We're moving a big bookcase into the house from our storage facility, so finally I may get the rest of my books in here (some of which are also still in the storage facility), and also the rest of my vinyl record albums. Yes, kids, you don't remember such things, but some of us old fogeys used to play vinyl record albums instead of CDs. It's a weird thought that none of my children (the oldest of which is going to be 19 in a few days) knows how to operate a turntable. I'm not saying I miss vinyl, despite the many things I've read about how compromised CD sound is compared to vinyl (?). I certainly don't miss having to put songs on in a different order by lifting up the needle at the end of one song and physically placing it on the beginning of the song you wanted to hear next (which may have entailed flipping over the album first and holding in that little metal thingy at the top of the spindle so the album would fall all the way down and sit flat on the turntable). And I certainly don't miss hearing that scraping sound of a needle scrrratching its way across the album, leaving a nice scratch in its wake that usually meant hearing a skip at that point in the song every time you played it from then on.

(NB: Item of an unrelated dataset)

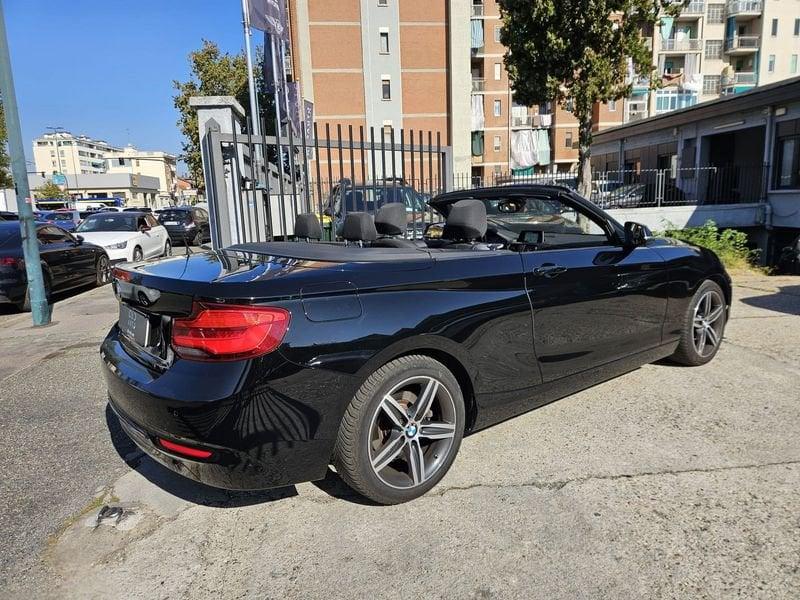 BMW Serie 2 220d Cabrio Luxury auto my18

And none of us would have been able to take vinyl albums into our cars with us like we can with CDs. (Can you picture trying to shove a big ol' 12" album into a huge slot in your dashboard...which would have taken up the entire width of the dashboard?) We'd all still be stuck playing cassettes in the car, hitting FF or REW in a vain attempt to skip songs on albums that we hate.

Then again, in my case, even that would be a step up. Over a year ago my husband got me a CD player for my car. (I drive a '92 Corsica, made before technology was invented.) I was thrilled, and except for the fact that it apparently had no skip protection whatsoever, especially for burned CDs ("Don't breathe, Jeremy, or it'll skip over every three seconds of your favorite Good Charlotte song"), I was thrilled to have this technology available in my car.

For six months or so.

Then the thing woke up one morning and decided to forget what a CD looked like. And it hasn't recognized a CD since. We've tried every type of CD in the book. We tried every type of cleaner known to mankind (except peanut butter, which every preschooler seems to think belongs in CD and DVD players). Nothing worked. Certainly not the CDs. So then I was down to using it as a very bad radio. Which was worse than the radio that had been in my tape deck.

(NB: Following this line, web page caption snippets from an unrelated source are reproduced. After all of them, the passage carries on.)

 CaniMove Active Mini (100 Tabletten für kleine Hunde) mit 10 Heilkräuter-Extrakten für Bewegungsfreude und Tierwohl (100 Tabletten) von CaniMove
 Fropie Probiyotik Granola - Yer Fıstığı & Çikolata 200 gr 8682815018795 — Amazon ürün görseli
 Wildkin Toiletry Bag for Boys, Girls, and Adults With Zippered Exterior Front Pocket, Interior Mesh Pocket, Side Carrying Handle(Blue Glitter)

Then the thing started to slip out of the slot it was in in the dashboard and when I'd go up a hill, the whole CD player (or should I say "very expensive yet CHEAP radio") would come sliding out the rectangular hole and whack the gear shift. I had to drive with one hand holding the thing in place, which got dangerous after a while. (I'm the one who hates when people can't afford a cheapie hands-free device for their cell phones while in the car.)

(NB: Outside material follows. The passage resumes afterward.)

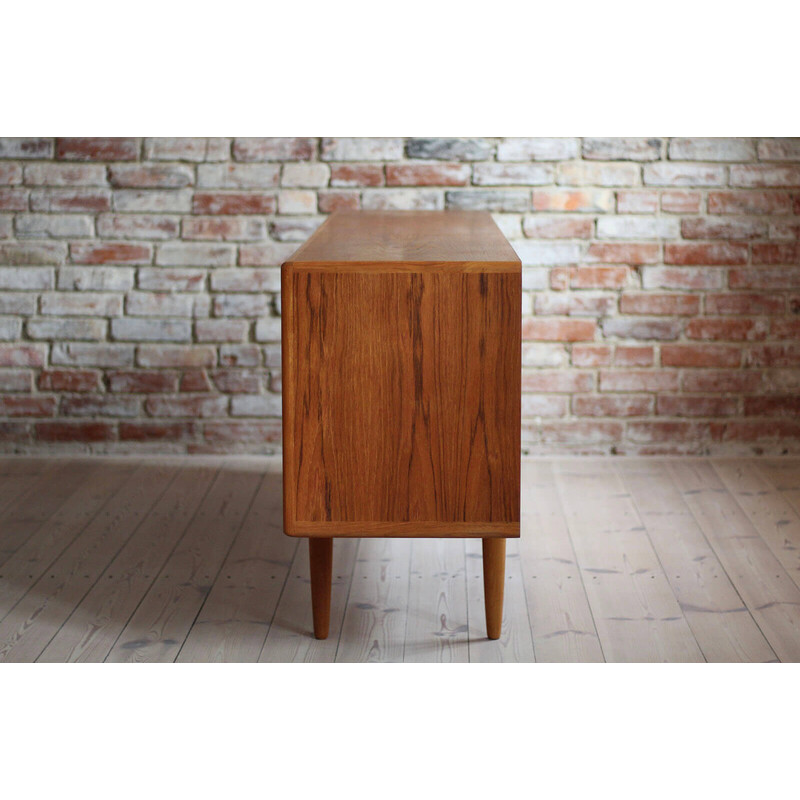 Vintage teakhouten dressoir voor Bramin door H. W. Klein, Denemarken 1960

So I had my husband disconnect the CD player entirely and all I had left staring at me from the hole in the dash were about two dozen wires of different colors. Someday I hope to get him to put the tape deck back in. I'm actually looking forward to the day when I'll be able to play a TAPE in my CAR again. My standards have gotten really low in the past six months.

Till then I have no CD player, no tape deck, no radio, and no clock in my car. Nada. Zip. Zilch. Total silence when I drive. Well, except for when my kids are in the car. It's never total silence then, of course.

But, it'll be months till I see another radio or tape deck in my car. Why? Because it would mean my husband would have to sit in my cramped, hot car jiggling wires around for hours on end. And, it's hot and muggy outside, of course.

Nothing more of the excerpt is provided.